La parábola de la caverna, narrada por Platón, nos habla de una humanidad encadenada, que solo ve sombras proyectadas en una pared. Viven engañados, creyendo que esas sombras son la realidad. Hasta que uno de ellos se libera, sube, y ve la luz del sol. Pero cuando regresa a contar la verdad, los demás lo rechazan. Prefieren las sombras. El conocimiento, para el encadenado, no solo es difícil: es peligroso.
Siglos más tarde, en «El nombre de la rosa», Umberto Eco retrata a Jorge de Burgos, el monje ciego que guarda con celo un libro prohibido: el segundo libro de la Poética de Aristóteles, el que habla de la risa. ¿Por qué lo esconde? Porque la risa libera, y quien ríe no teme. Y quien no teme, no obedece ciegamente. Entonces, la risa es peligrosa para el orden establecido. Jorge representa al custodio del dogma que prefiere matar antes que permitir el acceso libre al conocimiento. Mejor sombras que luz. Mejor temor que conciencia.

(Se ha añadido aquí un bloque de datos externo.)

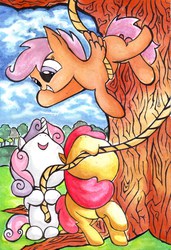 Size: 5814x8477 | Tagged: safe, artist:devotedfan012, apple bloom, scootaloo, sweetie belle, g4, absurd resolution, cutie mark crusaders, traditional art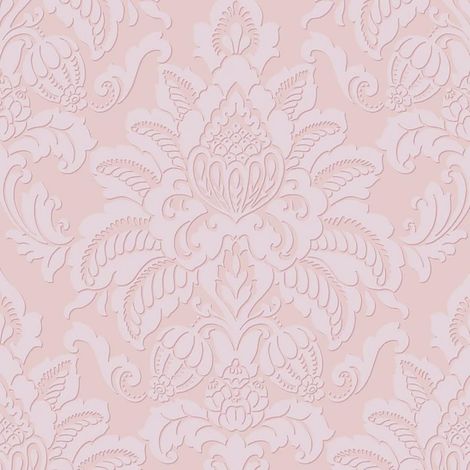 Glistening Blush Wallpaper Arthouse Damask Textured Glitter Pink Embossed (1/3)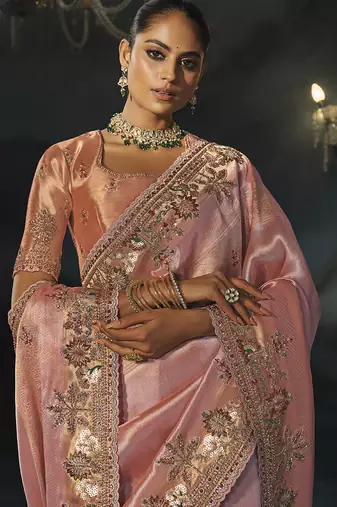 peach madhurai silk blend saree with jari thread cut dana and jardoshi heavy hand work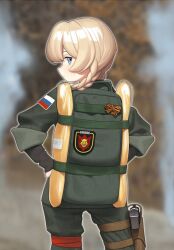 1girl abbystea backpack bag baguette blonde_hair blue_eyes blurry blurry_background braid bread character_request copyright_request food from_behind gun handgun holster looking_back military_uniform ribbon_of_saint_george russian_flag russian_ground_forces russian_text solo thigh_holster translation_request weapon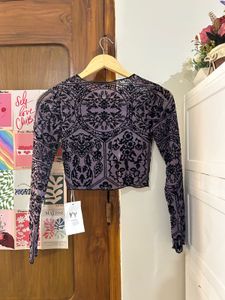Sheer Black &amp; Purple Floral Print Top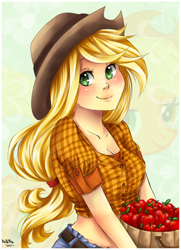 Size: 370x510 | Tagged: safe, artist:nataliadsw, applejack, earth pony, human, pony, apple, female, food, humanized, looking at you, mare, midriff, smiling, solo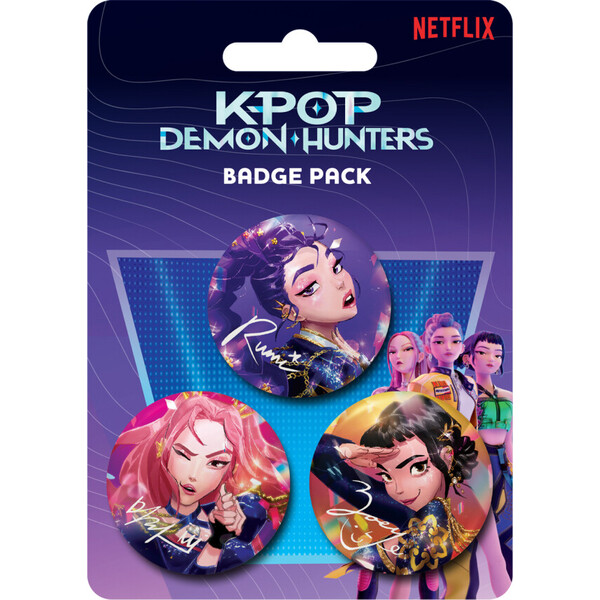 Sada odznaků K-pop Demon Hunters – 3 kusy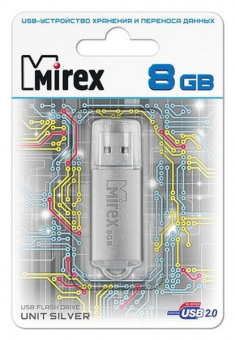 Флэш накопитель USB Mirex UNIT SILVER 8GB 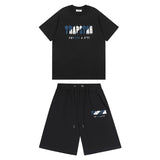 Trapstar T-shirt Summer Gradient Letters White and Blue Towel Embroidery Short Sleeve T T-shirt Shorts Men's Couple Casual Suit-CY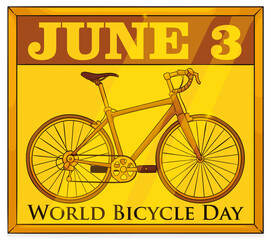 Golden Placard with Bike to Commemorate World Bicycle Day, Vector Illustration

En esta línea de pensamiento, el papado de Francisco puede leerse como el intento más profundo del S.XXI por romper las cadenas de la caverna, abrir las puertas de la biblioteca prohibida y volver a poner la fe al servicio del hombre real, no del sistema eclesiástico. Francisco no fue un Papa para devotos de museo ni guardianes de la nostalgia. Fue un pastor de barro, de frontera, de barrio. Vio que el mundo no está discutiendo dogmas, sino su propia supervivencia: hombres reducidos a algoritmos, relaciones sustituidas por dispositivos, pueblos desarraigados por un progreso que no los incluye.
Y ahí fue. Salió de la sacristía y habló en foros globales, en los márgenes, en todos los sitios posibles. Molestó a los Jorge de Burgos de la Iglesia, que lo acusaron de «modernista», «blando», «populista», simplemente por intentar traducir la fe al idioma de los que sufren. Francisco sabía -como sabía también el prisionero de la caverna- que cuando uno intenta mostrar la verdad, la primera reacción no es gratitud, es furia. Los dogmáticos no soportan que se prenda la luz. Por eso no pisó Argentina, y aun así encontró la paz.
Y sin embargo, la luz fue encendida. Francisco entendió que la verdad, si no se hace carne en la historia, se convierte en sombra. Que la fe, si no toca el hambre, el dolor, la injusticia, se convierte en ceniza. Que la Iglesia, si no se anima a ensuciarse en el barro del mundo, se convierte en biblioteca cerrada. Por eso su papado fue incómodo. Porque fue evangélico.
Hoy, tras su partida, muchos intentarán vaciar su legado, domesticarlo, archivarlo. Querrán volver a la caverna, cerrar la biblioteca, repetir viejas fórmulas. Pero no podrán. Ya conspiran las fuerzas que temen el despertar: masones, ingleses, el estado profundo. Porque cuando alguien enciende una antorcha en la oscuridad, su luz no muere; la memoria de su fulgor persiste, incluso en la sombra.
Francisco no fue un reformador litúrgico. Fue un militante de la encarnación, alguien que entendió que Dios no necesita defensa, necesita testigos. Y el testimonio más fuerte no es el que recita el catecismo: es el que camina con el pueblo, que organiza, que escucha, que denuncia, que siembra esperanza donde otros solo siembran culpa.
Platón, Eco y Francisco nos dejan una misma enseñanza: la verdad, cuando se encarna, duele. Pero también libera. Y la Iglesia -si quiere ser fiel a Cristo- deberá elegir entre seguir custodiando sombras o salir, de una vez por todas, al sol del mundo real.